There were a few major things that saved our company during the recession. One is that we have fostered strong relationships with our vendors over the past 25 years, so they were more willing to offer extended grace periods for payments. We also were intentional about remaining open with our staff and communicating with them to ensure we didn’t spiral into a toxic work environment.
At one point during the recession, I heard there were rumors going around about layoffs. I called an emergency staff meeting at the home office within five minutes. I told the team that I would cut the advertising budget before I would cut any people. And if we needed to cut more, I would leave the room and everyone could vote if we would all take pay cuts or lay some people off. It never came down to that, but if it did, I bet I know how our people would have voted.
This is an example of our culture at work during the hardest times. We get through it together.
You believe in the power of second chances, and you train your employees to follow the “Three As.” What are those “As” and why are they important?
We all make mistakes. If I fired people for making mistakes, I’d be the first person to go. No one in our company has made bigger mistakes than me. I say all the time the damage is usually not the mistake that was made but how it was handled afterwards. When we make mistakes and use the 3 A’s—acknowledge, apologize, and act—with humility and honesty, 95% of people can find a way to forgive us.
That said, there is a difference between mistakes of the mind versus mistakes of the heart. For example, when I heard that a chef was being verbally abusive to a server and calling her terrible things, that is a mistake of the heart and we have no tolerance for this kind of behavior. I escorted him off the premises within minutes of him admitting to it even though we had no one to replace him. This was a defining moment in our culture.
You are investing time into training the next generation of leaders. What are your innovative and creative approaches to attract millennials and turn them into “raving fans?”
Every human being wants to feel needed, wanted, important and valuable. Millennials are no different in that respect. We have programs in place to help our younger people learn, grow and see this industry as a great and rewarding career.
We created a Young Leaders Initiative which is an innovative program with 24 associates selected to provide input and perspective on company operations and new projects. Several of last year’s participants have since been promoted to general manager or executive chef positions.

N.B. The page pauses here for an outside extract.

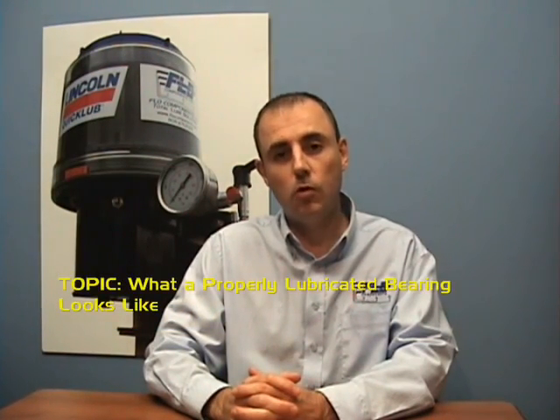Hello and welcome to another edition of Loop Tips by Flow Components. On today's episode, we go out into the field where Mike will show us what a properly lubricated bearing should look like. Mike?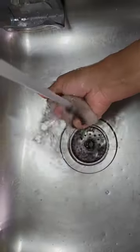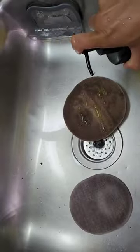Hola and welcome to Kim at Home. This is how you clean an extremely dirty vacuum air filter.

In addition, I occasionally meet with our young leaders to break bread and talk with them about the industry. Honestly, I bet I get even more out of it then they do. I enjoy learning about their lives and budding careers. Our young people are really the reason why I decided to write this book. I wanted to leave a piece of what I have learned over the past 25 years with them.
What’s next for you and for Cameron Mitchell Restaurants?
I am in the fourth quarter of my career so I will be moving into more of a stewardship role. As our company continues to grow with new restaurants and concepts such as Harvey & Ed’s and the upcoming Budd Dairy Food Hall, I am focused on helping the restaurant leaders of tomorrow succeed.
Food halls are a major trend in the restaurant industry and we are currently working to open the Budd Dairy Food Hall in the spring of 2019 in Columbus’ Italian Village community which will feature 8 to 10 entrepreneurial, chef-driven restaurant concepts. Central Ohio embraced me as a young restaurant entrepreneur and I want to do the same for the next generation.
In addition, we have pledged $2.5 million to Columbus State Community College to go toward the new Hospitality Management and Culinary Arts building. Mitchell Hall is expected to be completed by fall 2019. It is an incredible honor to give back to the community that has embraced our company for 25 years and provided the foundation for thousands of our associates to build meaningful and rewarding hospitality careers.